Monday, December 31, 2018

Resolution Time Again? Really?

We interrupt this regularly scheduled vacation for a dose of reality otherwise known as resolutions for the new year. I do this every year and every July 1 birthday in between. Some resolutions I keep better than others. The first real "this is a resolution I am making" resolution I made as an adult was to get the laundry put away every night. I've kept this up for at least two decades now. Oh, if they were all so easy to keep.

Back in 2014, before my first torn rotator cuff flared up, I was in better physical condition than I had ever been. I was doing okay working my way back into decent shape when 2016's second torn rotator cuff appeared. Damn! Okay, I can come back from that one and, silly me!, the pain in my right knee got so intense that only a replacement would help. Approaching nine months later, and I'm still in close to the worst physical condition I've been in as an adult. I start to work on coming back, and my too competitive nature bites me in the ass and things other than the knee start to hurt. Resolution Number One (the biggie) then is to get back into some sort of reasonable shape and to do so without hurting myself further. I haven't worked out all the details yet, but I'll get there.

Next, I find myself bumbling from one art thing to another to a third and so on. I'd like to do or finish one project each month. This could be start from scratch and finish it, or it could be finish something I started whenever. I already know what the first two are going to be. I have two quilts to get ready for the guild's show in April, and I have someone emailing me monthly about a needle felted possum I'm supposedly working on to replace the one my cat tore to shreds. If I can get one similar to the original made, this person would like to buy one.

Each year I score some extra money by completing challenges in one of the university's wellness programs. I already know what my goals for 2019 will be, so the resolution is to keep them going and get the monetary reward at the end of the year. This year's goals include an exercise program of cardio and strength training balanced by meditating 20 minutes once each day. The way the goals are set, I won't necessarily be doing those every day but would instead do them at least a certain number of times each month.

Tying back into the whole physical stuff, injuries, etc. I want to work on going at my own pace. I'm the kind of person who feels she needs to speed up if the person behind her wants to walk faster. My problem with walking faster is of course, that the knee tightens up, or I don't pick up one foot or the other and trip, or otherwise suffer negative consequences. So this year I want to work on being comfortable with how slow or fast I should be doing things, and not let myself get caught trying to keep up with anyone else.
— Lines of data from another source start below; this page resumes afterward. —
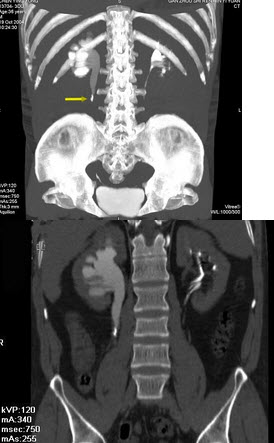 男，36岁，反复右侧腰部疼痛2年余，CT检查如图，下列说法错误的是()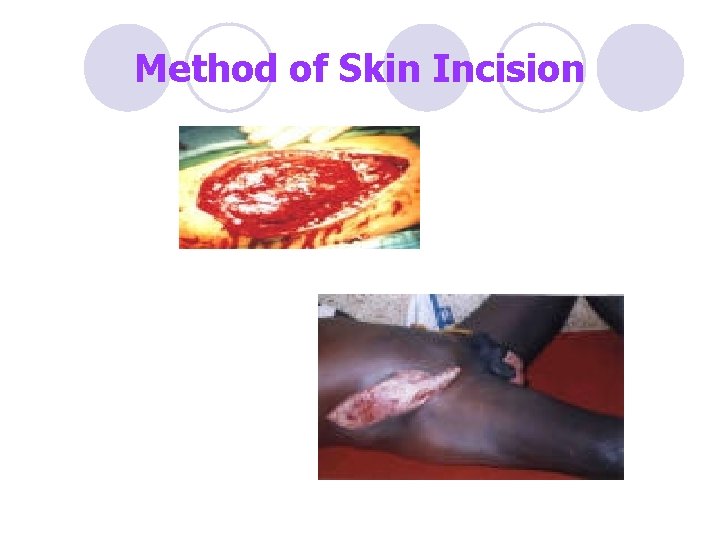 Method of Skin Incision 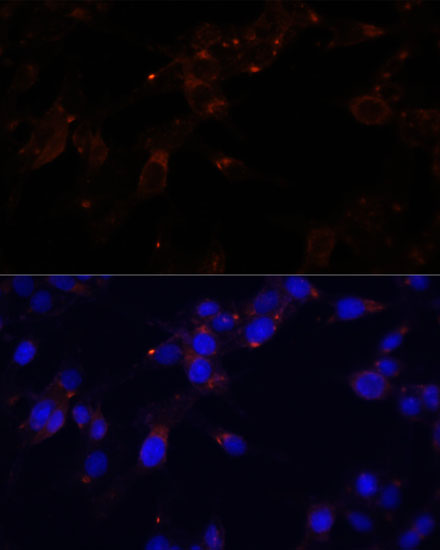 Anti-CD44 Antibody (CAB16807)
Finally (I had to end this list sooner or later after all), I want to waste less time. This has relevance because wasting time helped me, a few years ago, talk to my doc and finally get on some anti-depressants. Playing spider solitaire or another computer game for most of each day (seriously, hours) was not what I needed to be doing, and it took a while to admit that. I now have no games on my computer or phone other than the NY Times crossword on my phone and an Australian cryptic crossword on my laptop. Still, I find myself doing old crosswords or, possibly worse, spending too much time on social media. If all the people I want to stay in touch with were on one social media outlet or another, I could just quit all the rest. But some friends are on Facebook while others are on Instagram, and even others, well, you get the idea. I feel the need to visit each outlet to keep up with one friend or another. I may let myself look at a particular social media site once daily or for some total minutes each day. As with getting into better physical shape, I'm still working on the details.

So, lots of things to work on. Some will be easy; some won't. Some will get done; some may not get started if I want to be honest with myself. Writing them down helps, and making them public helps a little bit more. I'll check in with myself on July 1, and see how I'm doing.

And so Happy New Year! May 2019 be a good one for all of us.